Rezension zu "Im Jahr des Affen" von Patti Smith

Nicht nur Scherben der Liebe
Brivor einem Monat

Das Jahr des Affen 2016 – für Patti Smith eines voller Abschiede, Verluste, politisch-gesellschaftlicher und ökologischer Befürchtungen und dennoch ein Jahr, dem sie durch die ihr eigene Art, das Leben in Kunst zu verwandeln auch Positives abgewinnen kann. Und das Beste daran: Daraus wurde ein großartiges Buch, das uns Leser*innen mit auf die Reise nimmt, ganz nah und direkt.

Ein Buch wie ein Traum, bei dem man nie so genau weiß, was Realität, was Fiktion, was realer oder fiktiver Traum war oder ist und der einem Gefühle vermittelt, die selbst nach dem Aufwachen noch extrem real vorhanden sind. Manchmal nebulös mit unklarer Sicht aber nicht direkt verwirrend, eher spannend und auf jeden Fall einnehmend und poetisch. Patti Smith ist eine großartige Beobachterin mit der wunderbaren Gabe, uns ihre Eindrücke durch ihre Kunst mitten ins Herz zu schicken:


„Ich saß auf der niedrigen Steinmauer und sah zu, wie in der Ferne die Lichter des WOW erloschen. Als wollten sie antworten, erschienen die Sterne nacheinander am Himmel, weit weg und ewig präsent.“

Am Neujahrstag des Jahres 2016 beginnt Patti Smith die Reise, die sie ursprünglich gemeinsam mit ihrem Freund Sandy Pearlman antreten wollte. Kurz vor dem Beginn des neuen chinesichen Jahres, des Jahres des Affen. Sandy liegt derweilen nach einer plötzlichen Hirnblutung im Koma. Die traditionell zum Jahresende absolvierten Konzerte im Fillmore in San Francisco finden dieses Mal ohne ihn im Publikum statt. Und so begibt sich Patti ohne ihn nach Santa Cruz ins Dream Motel.

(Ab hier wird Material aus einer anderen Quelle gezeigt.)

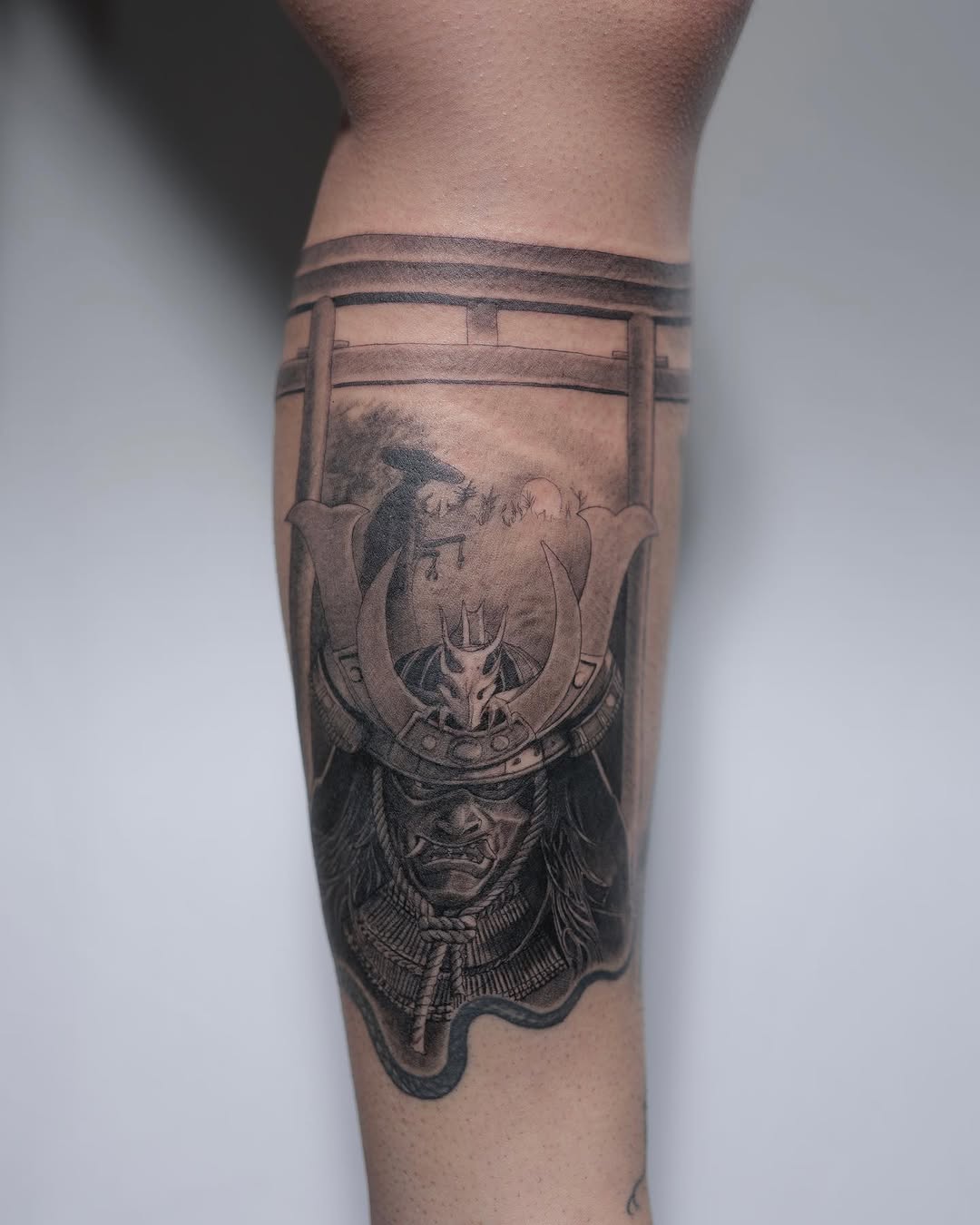 radiaztattoos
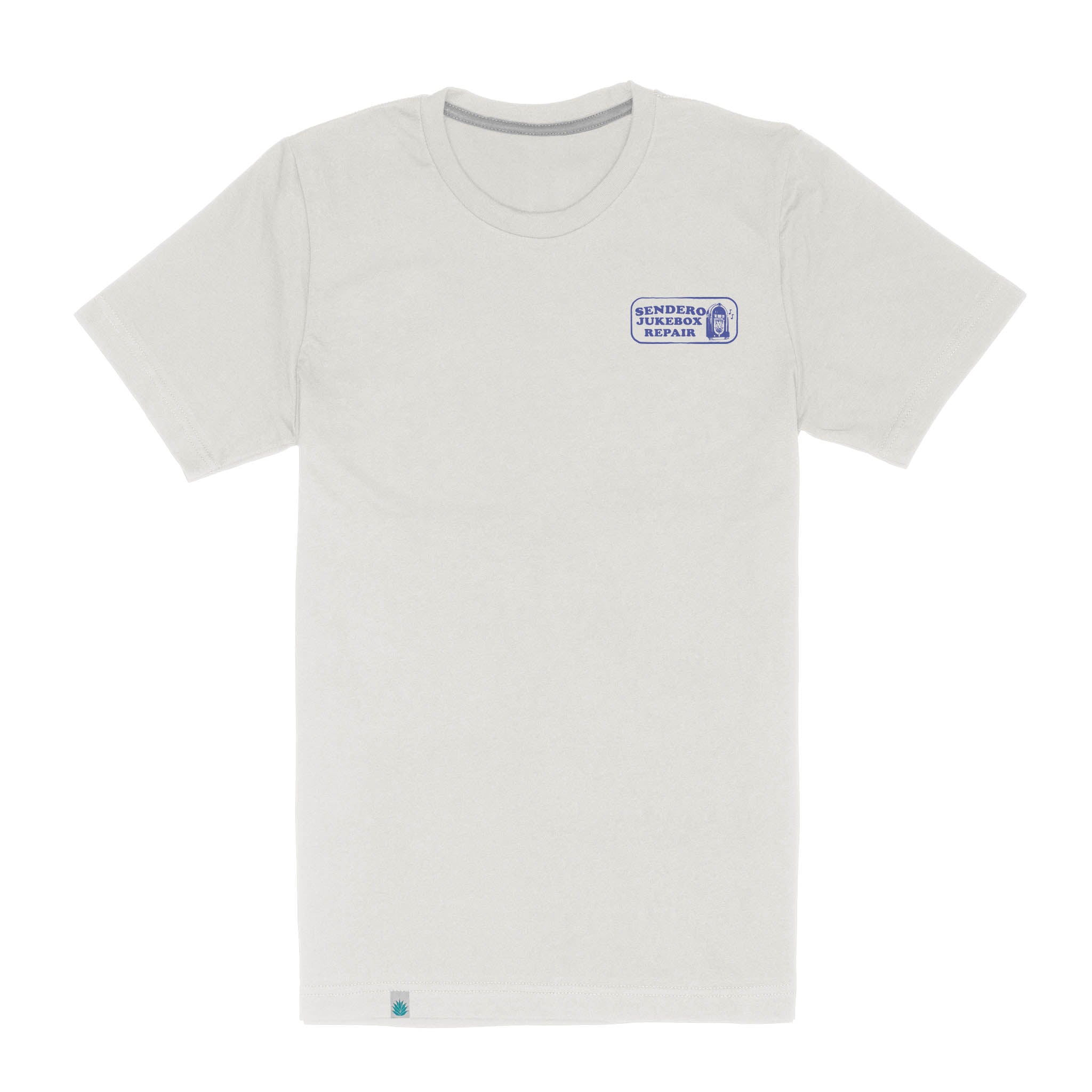 Jukebox Repair T-Shirt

„Ohne Kaffee setzte ich mich auf eine Bank vor dem Café und ging noch einmal die Ränder der vorigen Nacht durch. Es war der letzte von drei aufeinander folgenden Abenden, die wir im Fillmore in San Francisco auftraten, und ich zupfte gerade die Saiten meiner Stratocaster, als sich ein Typ mit fettigem Pferdeschwanz vorbeugte und auf meine Stiefel kotzte. Das letzte Röcheln von 2015, ein Sprühregen von Erbrochenem zur Einführung in das Neue Jahr. Ein gutes oder ein schlechtes Zeichen? In Anbetracht der Weltenlage schwer zu sagen.“

Eigentlich hatte sie sich gemeinsam mit ihrem Bandkollegen Lenny Kaye, als man Sandy bewusstlos aufgefunden und ins Krankenhaus nach Marin County gebracht hatte – es war der Morgen ihres ersten Fillmore Konzerts – vorgenommen, bei ihm zu bleiben, doch es gibt allerlei Verpflichtungen. Wirklich zu tun gibt es nichts für sie im Krankenhaus und kurz nach ihrem Aufbruch nach Santa Cruz reift in ihr die Einsicht, dass es nicht darauf ankommt, am gleichen Ort zu sein, um sich verbunden zu fühlen.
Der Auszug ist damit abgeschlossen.